Work task. Below are the records; extract from them the line containing "Thomas Mangelsen High" to the line containing "Tadpole Clipart Leg Drawing - Tadpole", both lines included, exactly and with no pictures.

Recorded data.

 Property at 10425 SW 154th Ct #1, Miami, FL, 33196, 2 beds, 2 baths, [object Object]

---

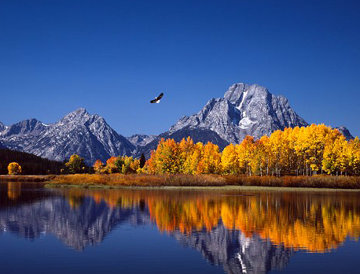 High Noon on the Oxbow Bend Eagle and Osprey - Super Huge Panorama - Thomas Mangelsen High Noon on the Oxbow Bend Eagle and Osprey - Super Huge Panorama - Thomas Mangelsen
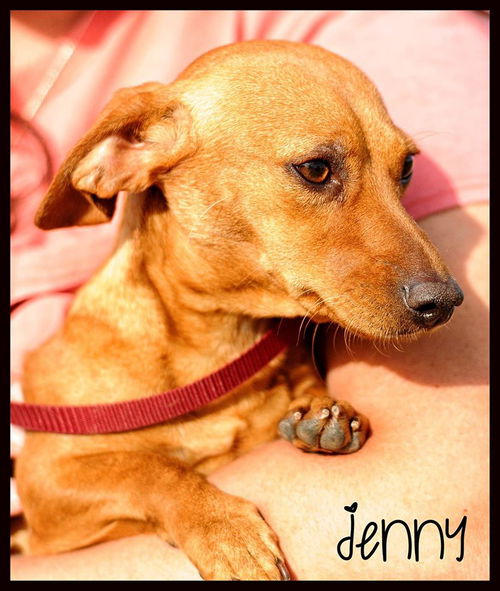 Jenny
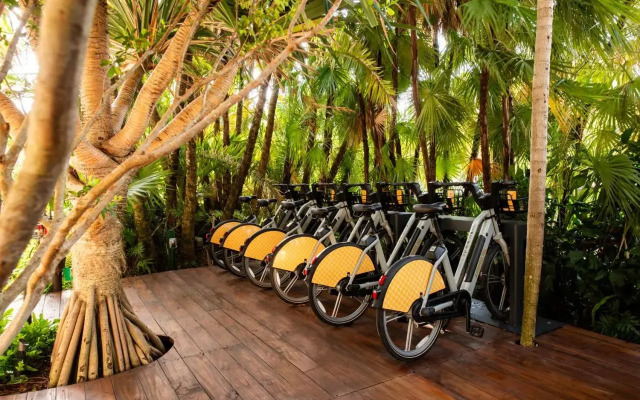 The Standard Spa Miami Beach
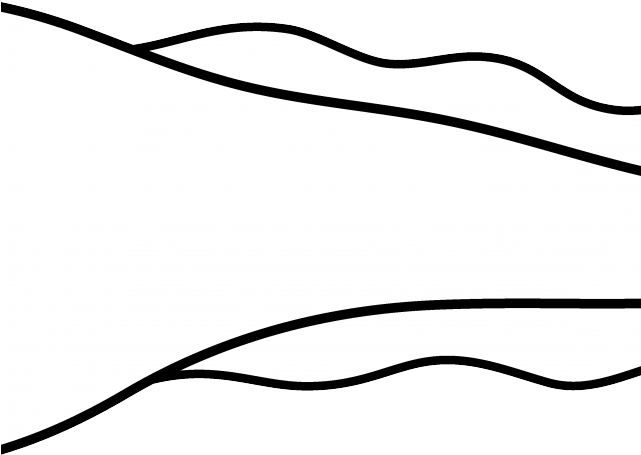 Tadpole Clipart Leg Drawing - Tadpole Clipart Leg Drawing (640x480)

Exercise solution.
 High Noon on the Oxbow Bend Eagle and Osprey - Super Huge Panorama - Thomas Mangelsen High Noon on the Oxbow Bend Eagle and Osprey - Super Huge Panorama - Thomas Mangelsen
 Jenny
 The Standard Spa Miami Beach
 Tadpole Clipart Leg Drawing - Tadpole Clipart Leg Drawing (640x480)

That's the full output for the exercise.